Implementation:FlagOpen FlagEmbedding BGE M3 Run
| Knowledge Sources | |
|---|---|
| Domains | Embedding Training, Multi-Vector Retrieval, Cross-Device Training |
| Last Updated | 2026-02-09 00:00 GMT |
Overview
Training script for BGE-M3 model with unified fine-tuning and cross-device negative sampling.
Description
This is the main training script for the BGE-M3 (Multi-Functionality, Multi-Linguality, Multi-Granularity) embedding model. It implements distributed training with cross-device negatives for contrastive learning, same-task batching for consistent training signal, unified fine-tuning supporting dense, sparse (lexical), and multi-vector (ColBERT) representations, self-distillation from teacher model, and dynamic data refresh at each epoch. The script uses custom BiTrainer with support for sub-batch processing, integrates with HuggingFace Transformers training infrastructure, and includes position embedding freezing options for length extrapolation.
Usage
Use this script when training the BGE-M3 model from scratch or fine-tuning on new data, implementing multi-representation retrieval systems (dense + sparse + multi-vector), and conducting distributed training experiments with cross-device negative sampling. The script is designed for large-scale embedding model training with advanced features.
Code Reference
Source Location
- Repository: FlagOpen_FlagEmbedding
- File: research/BGE_M3/run.py
- Lines: 1-155
Signature
def main():
"""Main training function for BGE-M3 model"""

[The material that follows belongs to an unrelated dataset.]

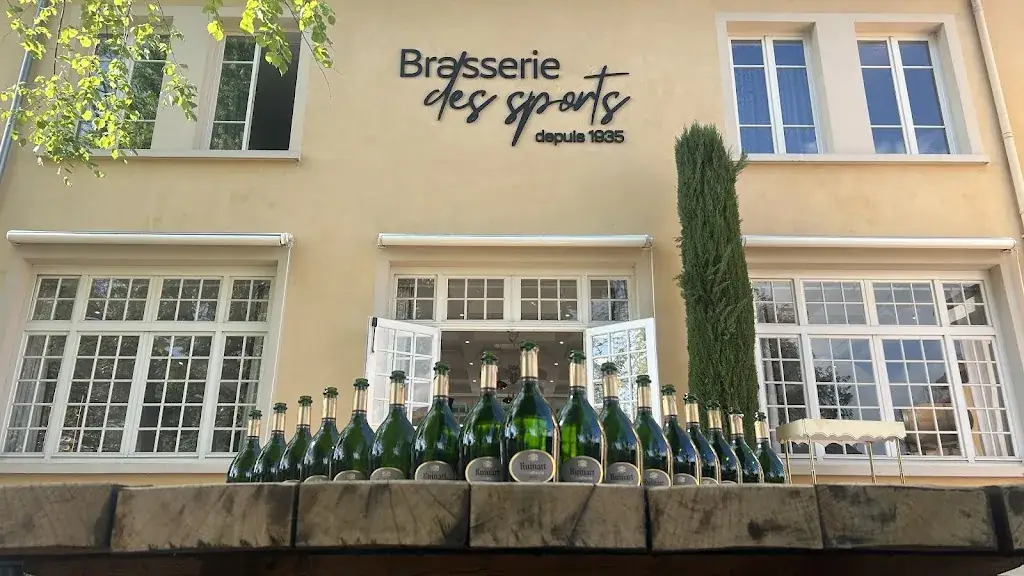 Aoste Sports Brewery restaurant in Aoste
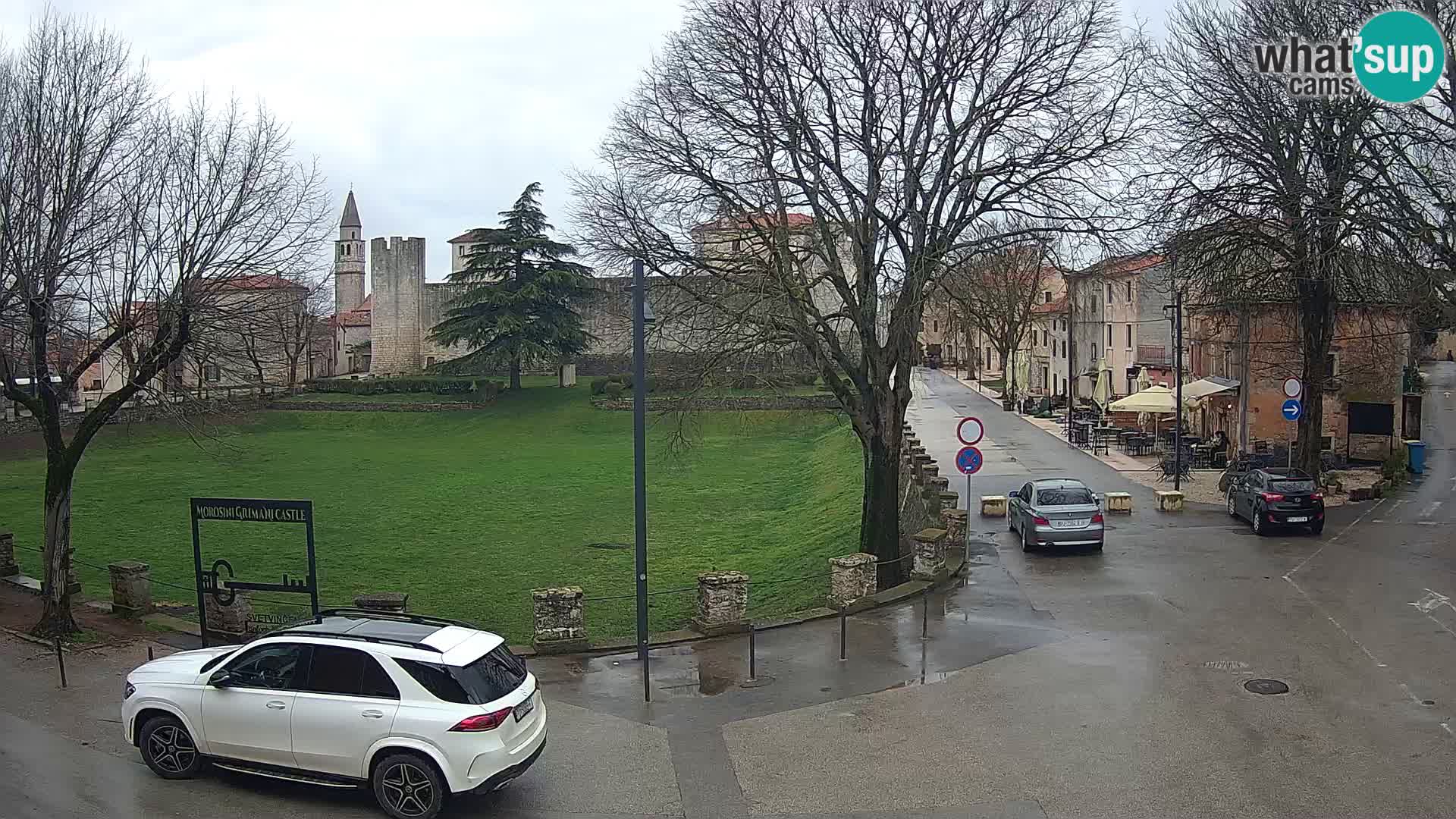 Live Svetvinčenat (Sanvincenti) – vista sul castello Morosini Grimani – Istria – Croazia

class TrainerCallbackForDataRefresh(TrainerCallback):
def __init__(self, train_dataset):
pass
def on_epoch_end(self, args: TrainingArguments, state: TrainerState, control: TrainerControl, **kwargs):
"""Refresh dataset at end of each epoch"""
Import
# Run as script
# python run.py --model_name_or_path BAAI/bge-m3 --output_dir ./output
I/O Contract
Inputs
| Name | Type | Required | Description |
|---|---|---|---|
| model_name_or_path | str | Yes | Pre-trained model name or path |
| train_data | str | Yes | Training data path (file or directory) |
| output_dir | str | Yes | Directory to save model checkpoints |
| negatives_cross_device | bool | No | Enable cross-device negative sampling |
| unified_finetuning | bool | No | Enable unified multi-representation training |
| use_self_distill | bool | No | Enable self-distillation |
| temperature | float | No | Temperature for contrastive loss |
| query_max_len | int | No | Maximum query length |
| passage_max_len | int | No | Maximum passage length |
| fix_position_embedding | bool | No | Freeze position embeddings |
Outputs
| Name | Type | Description |
|---|---|---|
| trained_model | Model | Fine-tuned BGE-M3 model saved to output_dir |
| tokenizer | Tokenizer | Saved tokenizer |
| training_logs | Logs | Training metrics and checkpoints |
Usage Examples
# Example 1: Basic training command
# python run.py \
# --model_name_or_path BAAI/bge-m3 \
# --train_data ./train_data \
# --output_dir ./output_m3 \
# --per_device_train_batch_size 32 \
# --learning_rate 1e-5 \
# --num_train_epochs 3 \
# --query_max_len 512 \
# --passage_max_len 512 \
# --temperature 0.02 \
# --negatives_cross_device \
# --unified_finetuning
# Example 2: Advanced training with self-distillation
# python run.py \
# --model_name_or_path BAAI/bge-m3 \
# --train_data ./train_data \
# --output_dir ./output_m3_distill \
# --negatives_cross_device \
# --unified_finetuning \
# --use_self_distill \
# --self_distill_start_step 1000 \
# --colbert_dim 1024 \
# --temperature 0.02 \
# --fix_position_embedding \
# --gradient_checkpointing
# Example 3: Multi-GPU distributed training
# torchrun --nproc_per_node 4 run.py \
# --model_name_or_path BAAI/bge-m3 \
# --train_data ./train_data \
# --output_dir ./output_m3_dist \
# --per_device_train_batch_size 64 \
# --negatives_cross_device \
# --unified_finetuning \
# --fp16 \
# --dataloader_num_workers 8